As New York continues to take steps to limit the spread of COVID 19, the recently announced travel advisory is causing unintended consequences. Employers across the state are caught in the interplay between employees vacation plans and government regulations.  They continue to ask us what to do in order to not get fined.  Let us try to help.

New York State and the federal government have both passed Paid Sick Leave legislation as it relates to COVID.  When they passed this legislation, there was no consideration of restricted travel within the US. Yet that’s exactly what we have now and it’s an issue.  Employers are now finding themselves “paying” for employees to get a 3-week vacation (the regular one week and the 14 days of quarantine) when it should only be the one week.

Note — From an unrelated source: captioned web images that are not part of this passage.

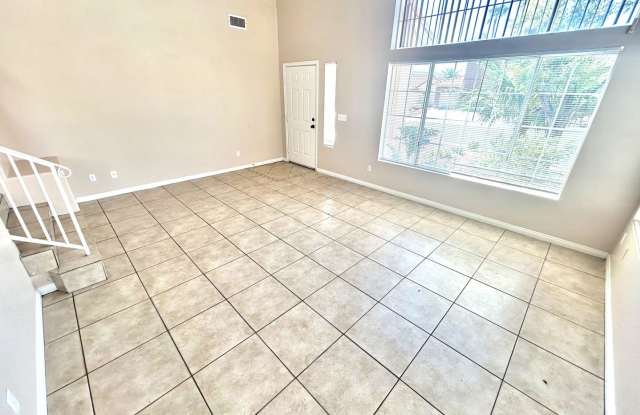 Charming home in a desirable Henderson neighborhood Gallery 4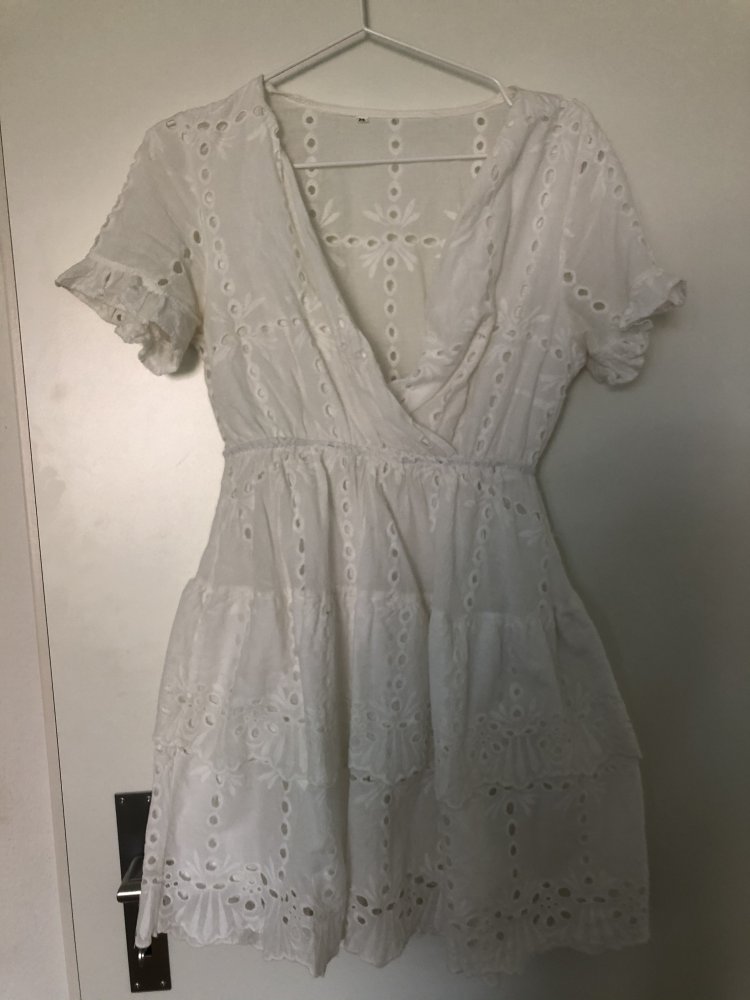 Weisses Lochmusterkleid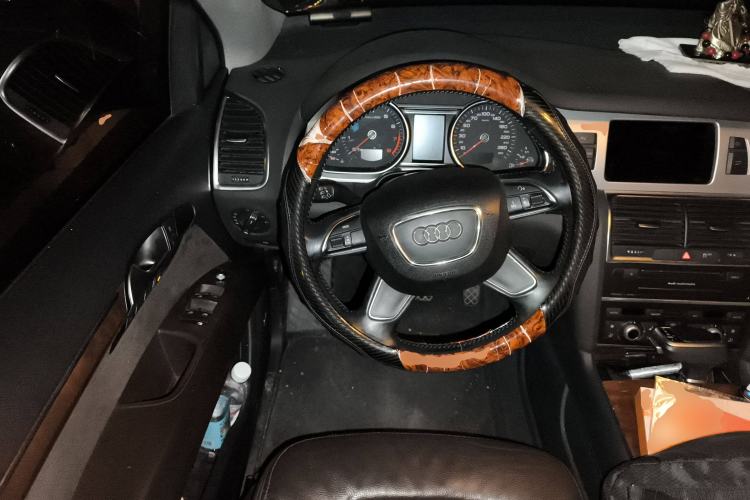 Used Audi Q7 2013 35 TFSI Technology Edition Steering Wheel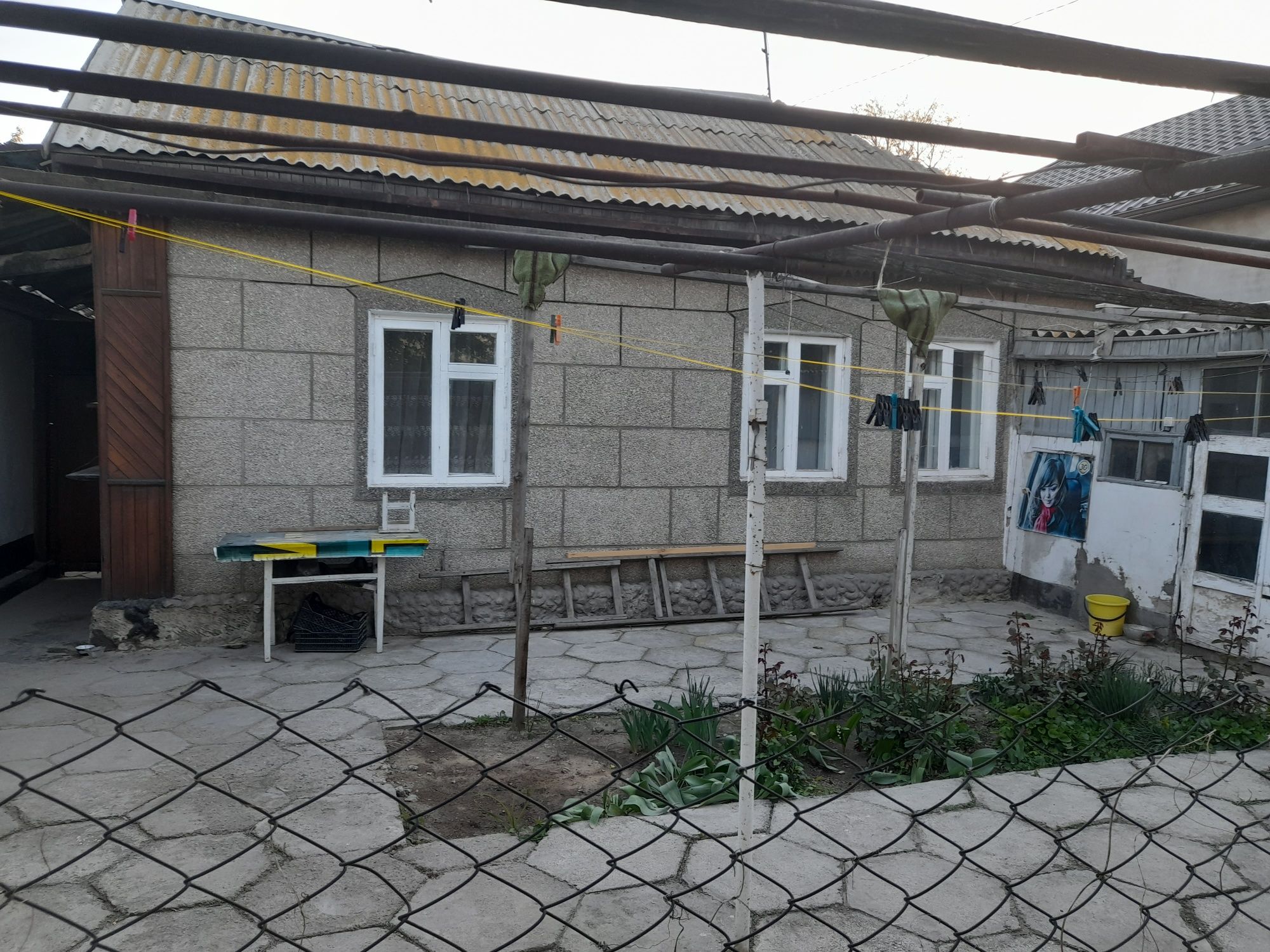 Продам домик срочно! В золотом квадрате.Вариант обмен на залинию.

We worked with the Governor’s office to clarify the New York law. In an Executive Order, the Governor made it clear VOLUNTARY travel to a state that is deemed to be unsafe is not eligible for Paid Sick leave. Please understand that only applies to VOLUNTARY travel. Conversely, if you, as a company, send someone to work on one of those states, and that person upon their return cannot work remotely, you will have to pay them Paid Sick Leave for the 14-day quarantine.

The issue now switches to the federal law passed under the Family First Corona Recovery Act, the FFCRA. Under that law, employers must provide Paid Sick Leave to someone quarantined due to COVID. However, like New York, the law isn’t clear about VOLUNTARY travel.  What is clear though is that some people are trying to take advantage of the ambiguity to get a longer paid vacation. And who’s to blame to them?

As we did with New York, we sought clarification. We spoke to members of Congress on both sides of the aisle, Democrats and Republicans, who agreed that VOLUNTARY activity was not intended to be covered under the FFCRA.  We’re also still seeking an opinion from the federal Department of Labor to support that position. But as you might expect they’re a little slow with their response.

Where does that leave you as an employer?  Obviously, if you have an employee that can work remotely after a vacation you should have them work remotely for those 14 days. For those that cannot work remotely, we encourage you to work with your team to find a resolution. That may include you making the choice to pay them for the quarantine as you’ll likely get paid back by the federal government under the FFCRA.  However, if you choose not to take that approach, we believe you are well within your rights to deny them Paid Sick Leave.